Hi, We are using a thin LV as a backing store for a MySQL database, in order to be able to provide writable, point-in-time clones of the database. Our layout is as follows: LV VG Attr LSize Pool Origin Data% Move Log Copy% Convert mysql data Vwi-aotz- 70.00g thinpool 74.44 mysql-1389783211 data Vwi-a-tz- 70.00g thinpool mysql 74.38 mysql-1389783211.t7 data Vwi-aotz- 70.00g thinpool mysql-1389783211 74.38 thinpool data twi-a-tz- 100.00g 57.16 - mysql is the source LV which is constantly written to by a MySQL instance running on the machine. - mysql-<timestamp> are snapshots of "mysql", which are not exported/mounted anywhere and are used purely for rollback purposes of the 2nd-level snapshots below. - mysql-<timestamp>.<name> are snapshots of mysql-<timestamp>, exported to other machines via iSCSI. We run v3.12.6 stable, which AFAICT from git has the same device-mapper code as master, regarding thin provisioning and space maps. We were hit by the following error twice within 3 days: Jan 15 20:15:44 zarniwoop kernel: [101754.726823] device-mapper: space map common: unable to decrement a reference count below 0 Jan 15 20:15:44 zarniwoop kernel: [101754.735191] device-mapper: thin: 253:6: dm_thin_insert_block() failed: error = -22 Jan 15 20:15:44 zarniwoop kernel: [101754.742845] device-mapper: thin: 253:6: switching pool to read-only mode As expected, all subsequent write operations on the pool fail. One thing we would like to stress, is that we use ext4 with discards for these LVs, which might have something to do with the refcount issue: /dev/mapper/data-mysql on /var/lib/mysql type ext4 (rw,relatime,discard,nobarrier,stripe=16,data=ordered) Both, syslog and the hardware report no other errors or suspicious messages at or around the error time and the system has mild I/O activity. Please let us know if you need more information or you want us to test patches.
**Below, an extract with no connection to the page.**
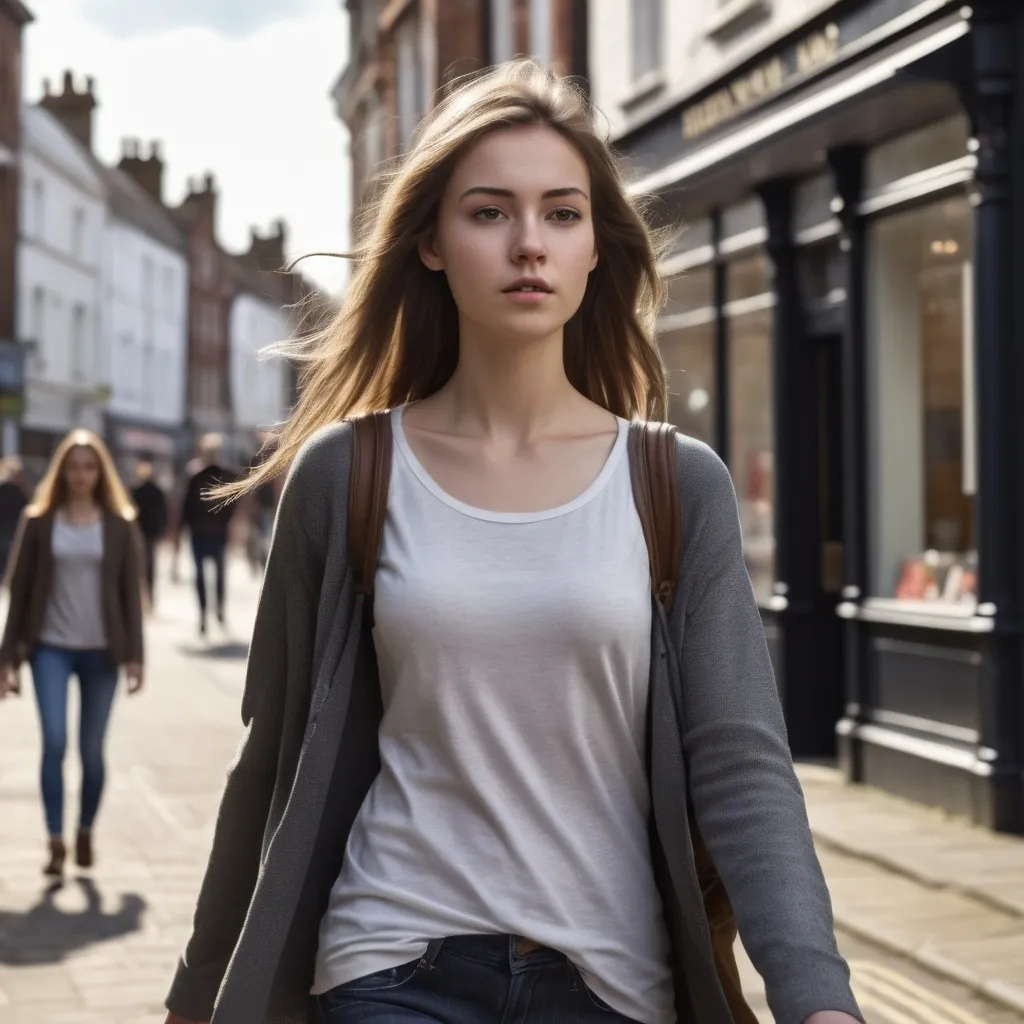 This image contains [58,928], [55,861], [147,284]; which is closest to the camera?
[58,928]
Regards, Apollon
Created attachment 122541 [details] Bactktrace Just in case it helps, I'm attaching a backtrace obtained using WARN_ONCE instead of DMERR_LIMIT in dec_ref_count() (drivers/md/persistent-data/dm-space-map-common.c:500).
This patch introduced the message: https://git.kernel.org/cgit/linux/kernel/git/torvalds/linux.git/commit/?id=5b564d80f8bc21094c0cd2b19b679d983aabcc29
The problem is not the message itself, it's rather that dm_thin_insert_block() fails and the whole thin pool enters the read-only mode without an obvious cause (e.g. hardware errors). This has also happened to us on 3.11, which didn't include the said commit. Regards, Apollon
(In reply to Apollon Oikonomopoulos from comment #1) > Created attachment 122541 [details] > Bactktrace > > Just in case it helps, I'm attaching a backtrace obtained using WARN_ONCE > instead of DMERR_LIMIT in dec_ref_count() > (drivers/md/persistent-data/dm-space-map-common.c:500). This trace is merely the result of an earlier metadata problem. So it only offers tangential side-effect smoke, not the smoking gun (e.g. why the ref-count was dropped to 0 already). You mentioned that discards are enabled. We aren't aware of any known reflect issues associated with discards. Unfortunately, this bug isn't giving us much to go on in terms of a reproducer. But it is certainly appreciated that you filled it. Knowing that running thinp over a period of time results in "bad stuff happens" for your use-case is concerning, but it doesn't help us isolate the problem. You mentioned that you have seen issues before with 3.11. How did you recover? did you run thin_check, etc?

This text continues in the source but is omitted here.